*What the exercise asks:* In the entries below, the lines from the one with "A bathroom with a white" through the one with "Couple d'Hommes d'Affaires" are to be copied exactly; both ends count.

*Recorded information:*
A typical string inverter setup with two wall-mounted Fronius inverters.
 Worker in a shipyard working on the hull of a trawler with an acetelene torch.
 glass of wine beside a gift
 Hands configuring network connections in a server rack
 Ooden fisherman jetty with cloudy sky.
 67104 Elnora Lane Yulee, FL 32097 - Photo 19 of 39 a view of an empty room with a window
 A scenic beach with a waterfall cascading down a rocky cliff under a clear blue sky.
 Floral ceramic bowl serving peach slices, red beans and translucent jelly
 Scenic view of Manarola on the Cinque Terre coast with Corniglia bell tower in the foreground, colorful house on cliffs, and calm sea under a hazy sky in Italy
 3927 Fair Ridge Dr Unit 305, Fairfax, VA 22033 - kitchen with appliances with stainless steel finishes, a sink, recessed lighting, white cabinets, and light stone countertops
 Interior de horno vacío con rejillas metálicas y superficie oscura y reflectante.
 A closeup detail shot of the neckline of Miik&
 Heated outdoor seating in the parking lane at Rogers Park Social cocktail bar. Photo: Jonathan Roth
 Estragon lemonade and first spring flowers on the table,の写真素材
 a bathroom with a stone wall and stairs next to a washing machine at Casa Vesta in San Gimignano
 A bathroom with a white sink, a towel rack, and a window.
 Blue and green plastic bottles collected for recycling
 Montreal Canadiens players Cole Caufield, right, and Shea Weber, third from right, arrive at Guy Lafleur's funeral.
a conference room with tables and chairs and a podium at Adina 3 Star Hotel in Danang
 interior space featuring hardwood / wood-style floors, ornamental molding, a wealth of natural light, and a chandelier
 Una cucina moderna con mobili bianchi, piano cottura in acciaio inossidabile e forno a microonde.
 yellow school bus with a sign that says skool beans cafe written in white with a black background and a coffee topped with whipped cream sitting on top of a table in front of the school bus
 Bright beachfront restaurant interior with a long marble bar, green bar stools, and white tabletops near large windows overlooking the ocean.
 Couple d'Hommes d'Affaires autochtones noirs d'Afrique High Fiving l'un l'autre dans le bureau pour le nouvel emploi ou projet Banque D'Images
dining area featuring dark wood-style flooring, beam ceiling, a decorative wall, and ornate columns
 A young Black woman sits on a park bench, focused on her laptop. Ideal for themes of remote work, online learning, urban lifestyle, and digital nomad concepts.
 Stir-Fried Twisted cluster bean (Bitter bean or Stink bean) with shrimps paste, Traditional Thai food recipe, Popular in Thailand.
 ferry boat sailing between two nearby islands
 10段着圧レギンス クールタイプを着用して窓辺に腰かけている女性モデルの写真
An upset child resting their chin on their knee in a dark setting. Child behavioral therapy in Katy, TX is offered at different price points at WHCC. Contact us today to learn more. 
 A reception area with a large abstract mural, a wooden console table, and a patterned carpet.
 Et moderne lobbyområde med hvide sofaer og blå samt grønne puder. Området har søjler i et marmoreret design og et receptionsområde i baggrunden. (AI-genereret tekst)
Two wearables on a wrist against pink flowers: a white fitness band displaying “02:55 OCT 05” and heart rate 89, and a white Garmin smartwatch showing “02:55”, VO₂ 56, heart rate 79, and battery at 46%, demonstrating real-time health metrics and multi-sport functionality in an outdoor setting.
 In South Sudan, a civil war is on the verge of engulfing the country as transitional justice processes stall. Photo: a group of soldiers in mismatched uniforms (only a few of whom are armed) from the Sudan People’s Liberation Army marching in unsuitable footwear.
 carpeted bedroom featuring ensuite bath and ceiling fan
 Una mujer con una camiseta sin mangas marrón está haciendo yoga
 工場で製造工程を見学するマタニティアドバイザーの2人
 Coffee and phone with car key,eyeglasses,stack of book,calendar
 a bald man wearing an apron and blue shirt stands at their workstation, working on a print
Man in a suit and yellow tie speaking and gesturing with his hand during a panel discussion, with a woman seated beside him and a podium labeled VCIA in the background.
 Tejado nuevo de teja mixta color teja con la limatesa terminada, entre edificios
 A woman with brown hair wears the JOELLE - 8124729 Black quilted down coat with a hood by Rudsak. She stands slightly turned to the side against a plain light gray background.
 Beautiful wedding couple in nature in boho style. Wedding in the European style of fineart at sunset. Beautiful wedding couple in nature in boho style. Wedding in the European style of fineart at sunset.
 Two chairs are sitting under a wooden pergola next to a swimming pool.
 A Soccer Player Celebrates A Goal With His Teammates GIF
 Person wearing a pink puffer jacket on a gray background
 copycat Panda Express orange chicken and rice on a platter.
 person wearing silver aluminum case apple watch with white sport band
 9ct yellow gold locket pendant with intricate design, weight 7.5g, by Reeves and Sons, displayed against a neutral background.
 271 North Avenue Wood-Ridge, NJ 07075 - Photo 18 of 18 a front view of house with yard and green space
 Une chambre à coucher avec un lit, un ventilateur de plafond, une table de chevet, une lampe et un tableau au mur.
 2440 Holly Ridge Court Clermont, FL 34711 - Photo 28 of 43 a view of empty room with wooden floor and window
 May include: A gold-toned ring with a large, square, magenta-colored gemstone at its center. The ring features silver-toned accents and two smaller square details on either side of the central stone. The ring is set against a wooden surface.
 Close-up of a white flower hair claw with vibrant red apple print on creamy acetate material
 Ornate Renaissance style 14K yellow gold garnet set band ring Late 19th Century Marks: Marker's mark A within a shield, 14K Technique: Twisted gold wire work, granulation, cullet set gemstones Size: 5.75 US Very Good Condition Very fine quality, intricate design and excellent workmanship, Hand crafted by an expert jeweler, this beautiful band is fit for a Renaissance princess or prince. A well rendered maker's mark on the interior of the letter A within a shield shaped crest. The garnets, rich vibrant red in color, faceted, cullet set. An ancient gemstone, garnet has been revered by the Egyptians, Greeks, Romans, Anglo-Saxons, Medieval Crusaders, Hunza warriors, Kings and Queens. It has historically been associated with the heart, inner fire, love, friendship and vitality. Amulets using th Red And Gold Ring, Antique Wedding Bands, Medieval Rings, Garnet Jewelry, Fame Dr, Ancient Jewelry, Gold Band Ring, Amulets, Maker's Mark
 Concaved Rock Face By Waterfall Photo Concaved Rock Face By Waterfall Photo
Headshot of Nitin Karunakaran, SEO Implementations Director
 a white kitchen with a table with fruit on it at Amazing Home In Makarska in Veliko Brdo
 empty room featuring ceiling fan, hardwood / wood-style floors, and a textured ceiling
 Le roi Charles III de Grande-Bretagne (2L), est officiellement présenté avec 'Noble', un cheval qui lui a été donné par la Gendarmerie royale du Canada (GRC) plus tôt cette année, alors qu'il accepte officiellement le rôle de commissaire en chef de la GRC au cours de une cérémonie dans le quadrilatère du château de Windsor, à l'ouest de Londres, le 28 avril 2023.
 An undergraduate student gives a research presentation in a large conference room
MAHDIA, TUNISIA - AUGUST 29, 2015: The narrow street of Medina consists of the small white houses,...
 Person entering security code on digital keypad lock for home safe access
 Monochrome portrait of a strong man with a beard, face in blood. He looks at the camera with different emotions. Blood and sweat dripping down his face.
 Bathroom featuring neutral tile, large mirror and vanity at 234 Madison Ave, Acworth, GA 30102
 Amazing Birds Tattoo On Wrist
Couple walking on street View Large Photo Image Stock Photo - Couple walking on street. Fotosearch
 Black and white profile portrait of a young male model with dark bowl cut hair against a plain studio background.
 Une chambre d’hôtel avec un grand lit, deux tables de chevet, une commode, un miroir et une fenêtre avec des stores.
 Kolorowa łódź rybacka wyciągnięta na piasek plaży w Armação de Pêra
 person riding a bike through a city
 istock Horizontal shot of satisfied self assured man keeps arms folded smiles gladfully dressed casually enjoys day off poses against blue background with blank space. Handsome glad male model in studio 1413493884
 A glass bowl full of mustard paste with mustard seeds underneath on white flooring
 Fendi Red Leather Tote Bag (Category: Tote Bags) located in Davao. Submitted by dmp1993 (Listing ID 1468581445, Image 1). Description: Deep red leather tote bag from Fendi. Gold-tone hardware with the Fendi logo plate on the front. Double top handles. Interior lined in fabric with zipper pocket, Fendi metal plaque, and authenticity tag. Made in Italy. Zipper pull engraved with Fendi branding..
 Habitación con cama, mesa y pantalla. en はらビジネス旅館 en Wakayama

*Reply:*
 A bathroom with a white sink, a towel rack, and a window.
 Blue and green plastic bottles collected for recycling
 Montreal Canadiens players Cole Caufield, right, and Shea Weber, third from right, arrive at Guy Lafleur's funeral.
a conference room with tables and chairs and a podium at Adina 3 Star Hotel in Danang
 interior space featuring hardwood / wood-style floors, ornamental molding, a wealth of natural light, and a chandelier
 Una cucina moderna con mobili bianchi, piano cottura in acciaio inossidabile e forno a microonde.
 yellow school bus with a sign that says skool beans cafe written in white with a black background and a coffee topped with whipped cream sitting on top of a table in front of the school bus
 Bright beachfront restaurant interior with a long marble bar, green bar stools, and white tabletops near large windows overlooking the ocean.
 Couple d'Hommes d'Affaires autochtones noirs d'Afrique High Fiving l'un l'autre dans le bureau pour le nouvel emploi ou projet Banque D'Images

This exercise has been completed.